1. Acquire LiDAR point cloud in LAS format for a portion of the City of Eau Claire.
2. Initiate an initial quality check on the data by looking at its area and coverage, and also verify the current classification of the LiDAR.
3. Create a LAS dataset
4.  Explore the properties of LAS dataset
5. Visualize the LAS dataset as point cloud in 2D and 3D
6. Generate LiDAR derivative products

Methods

In part one, I download point cloud data into Erdas Imagine and accessed the tile index file specified for the lab. It is a point cloud dataset of Eau Claire. I selected the same section in ERDAS and ArcMap for practice.

I performed a QA/QC check by comparing the minimum and maximum Z points to the known elevation. The dataset was displayed in tiles.

Part two focused on generating a LAS dataset and exploring LiDAR point clouds with ArcGIS. I created a new LAS dataset in ArcCatalogue. LAS data comprises a great deal of information in the header files associated with the data and there is also ancillary data that can be accessed as well. Using the external metadata, I assigned the D_North_American_1983 and North American Vertical Datum of 1988 to the dataset. For reference, I added a shapefile of Eau Claire County (see Figure 1), which was deleted afterwards.

Figure 1 The grid highlights the area covered by the pointcloud dataset of the city of Eau Claire as compared to the greater Eau Claire County.

The default display settings are point color codes according to elevation, using all returns. Figure 2 shows the elevation range and a portion of the dataset.

Figure 2 A section of the dataset displaying elevation of all returns.

Below are four different views of the data; Elevation, Aspect, Slope, and Contour (see Figure 3).

Figure 3 Four different views of the same subset of the LAS dataset, each displaying a different element.

Next I explored the point clouds according to Class, Return and profile. In ArcMap there is the option to display selected features in 2D and 3D models for more thorough visualization.

Part three involved the generation of Lidar derivative products. In order to derive DSM and DTM products from point clouds, I estimated the average nominal pulse spacing (NPS) at which the point clouds were collected.
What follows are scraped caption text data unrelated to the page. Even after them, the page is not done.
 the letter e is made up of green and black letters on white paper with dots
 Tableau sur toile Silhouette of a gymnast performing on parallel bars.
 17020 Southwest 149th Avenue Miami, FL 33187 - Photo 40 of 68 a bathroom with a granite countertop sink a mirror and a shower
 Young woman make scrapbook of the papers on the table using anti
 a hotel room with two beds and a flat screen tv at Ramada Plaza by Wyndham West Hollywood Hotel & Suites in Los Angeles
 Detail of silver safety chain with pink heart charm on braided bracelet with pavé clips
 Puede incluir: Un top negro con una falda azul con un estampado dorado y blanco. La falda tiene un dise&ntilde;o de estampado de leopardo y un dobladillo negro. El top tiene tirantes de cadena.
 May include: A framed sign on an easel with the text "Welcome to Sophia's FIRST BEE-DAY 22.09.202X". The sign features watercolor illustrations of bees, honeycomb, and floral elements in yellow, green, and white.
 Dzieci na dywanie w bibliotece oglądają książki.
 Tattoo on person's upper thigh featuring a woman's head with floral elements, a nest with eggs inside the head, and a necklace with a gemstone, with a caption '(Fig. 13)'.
The derived image below (Figure 4) is the result of  inputting the LAS dataset into the LAS dataset to Raster tool and using the binning interpolation method with a maximum cell type and a natural neighbor void filling method.

Figure 4 The derived raster converted from the LAS dataset using the LAS dataet to Raster tool in ArcMap.

Using the LAS Dataset to Raster and Hillshade tools, I then created the following derivative products:

• Digital surface model (DSM) with first return
• Digital terrain model (DTM)
• Hillshade of the DSM (see Figure 5)
• Hillshade of the DTM (see Figure 6)

Figure 5 The hillshade results of the first return elevation model performed on the derived raster.

Figure 6 The hillshade results of the terrain model (ground returns only) of the derived raster.

Finally, a lidar intensity image was generated following a similar procedure used to create the DSM and DTMs above. The image was displayed in ERDAS to enhance its appearance automatically.

Results

Through this exercise I learned how to use Lidar data and gained familiarity with some processing toold in ArcMAP. I processed surface and terrain models and used Lidar derivative products as ancillary data in order to improve image classification of the remotely sensed imagery. The final output image was an intensity image of the point cloud data (see Figure 7).

Figure 7 A high intensity image produced with the LAS dataset from the city of Eau Claire.

Data sources

The Lidar point cloud and Tile Index data are from the Eau Claire County 2013 and the Eau Claire County shapefile is from Mastering ArcGIS 6th Edition data by Margaret Price 2014. All data was provided by Dr. Cyril Wilson of the University of Wisconsin- Eau Claire.